Blue parts are on one UV map, white parts are on another UV map
So my question is if I want ALL the parts minus the drum magazine to have occlusion from eachother, can I simply use the high poly of the grip and front pump to achieve that effect on the white parts? Would I just use the high poly of the white parts and it would bake occlusion down to the blue parts(minus the drum which is removable) and it will be fine despite being on separate UVs? It works for floaters with no geometry so this should work?
Hard to word this question but any help would be much appreciated
Replies
The easiest way to do this is to bake both UV sets in one baker object. You can use the texture sets feature to bake both at once. Apply a unique material to the objects for each UV layout and then turn on Multiple Texture Sets.
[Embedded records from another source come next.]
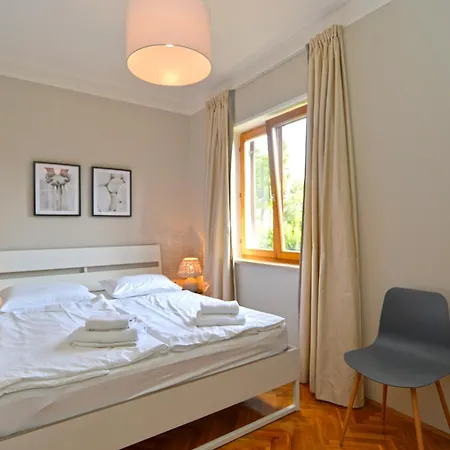 Nikola 2113 Apartment *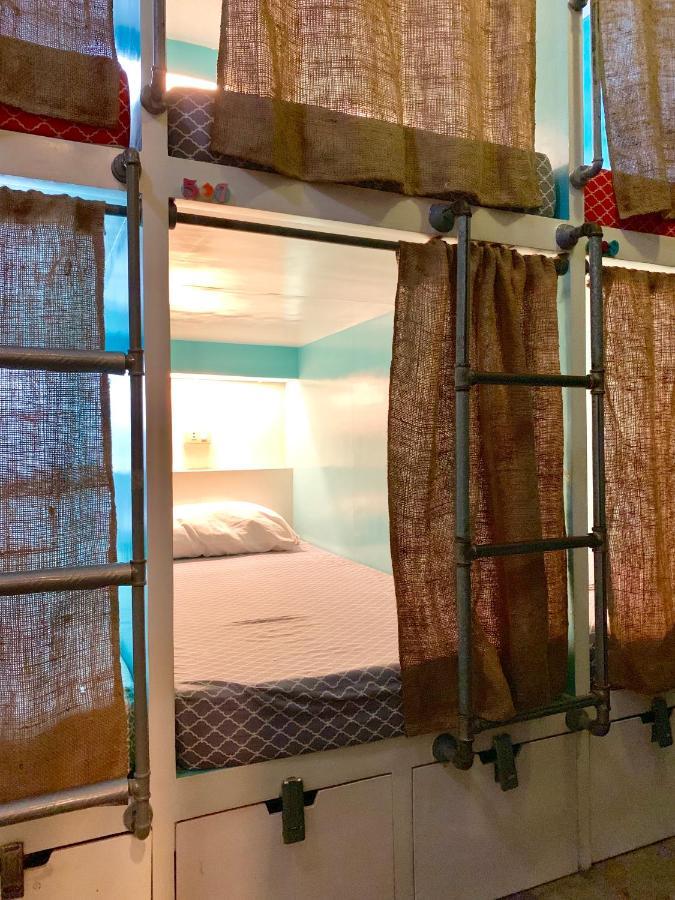 Moon Fools Hostel Панглао Экстерьер фото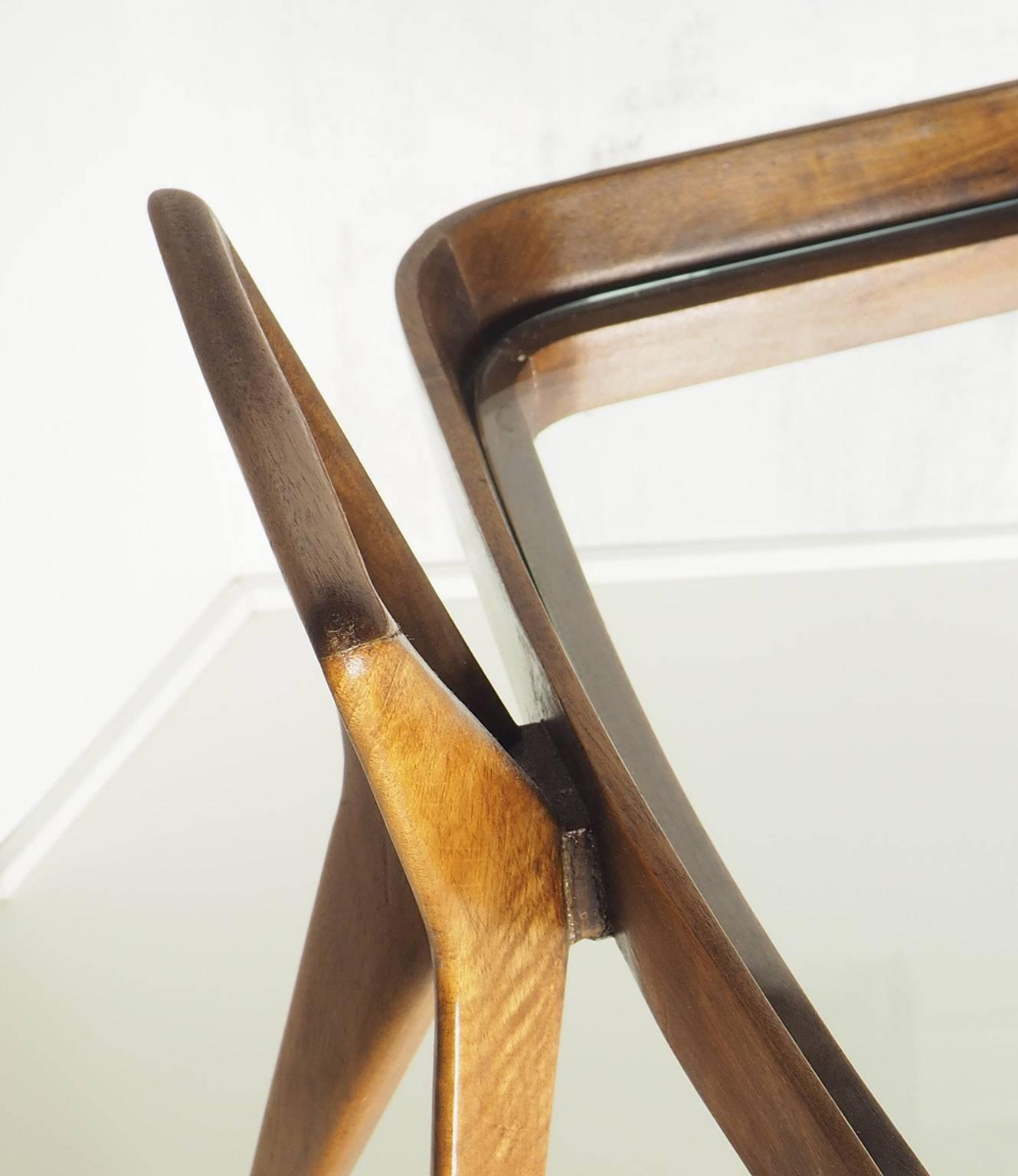 Ico Parisi Graceful and Rare Walnut Side Table, Milano 1954 4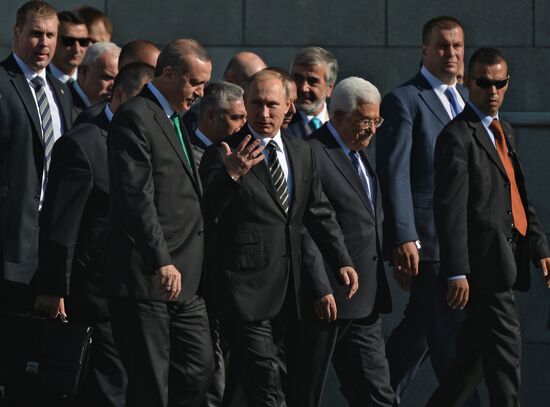 President Vladimir Putin attends opening of renovated Moscow Cathedral Mosque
This will bake a set of maps for each UV layout.
Ignore groups will work with meshes from both texture sets. For the bake group with the drum mag, go to the Low object and enable Exclude When Ignoring Groups, this will keep it from casting / receiving AO to / from other groups. You can use this setting for any other objects which will move, like the bolt and ejection port too.
This helps heaps. Thanks for that. Say I dont want the drum and it's attached components(badges, screws etc) to be excluded from the body but not from eachother, would the only viable option be to move it away from the body for the AO bake? As if I exclude the drum components they won't cast on eachother either.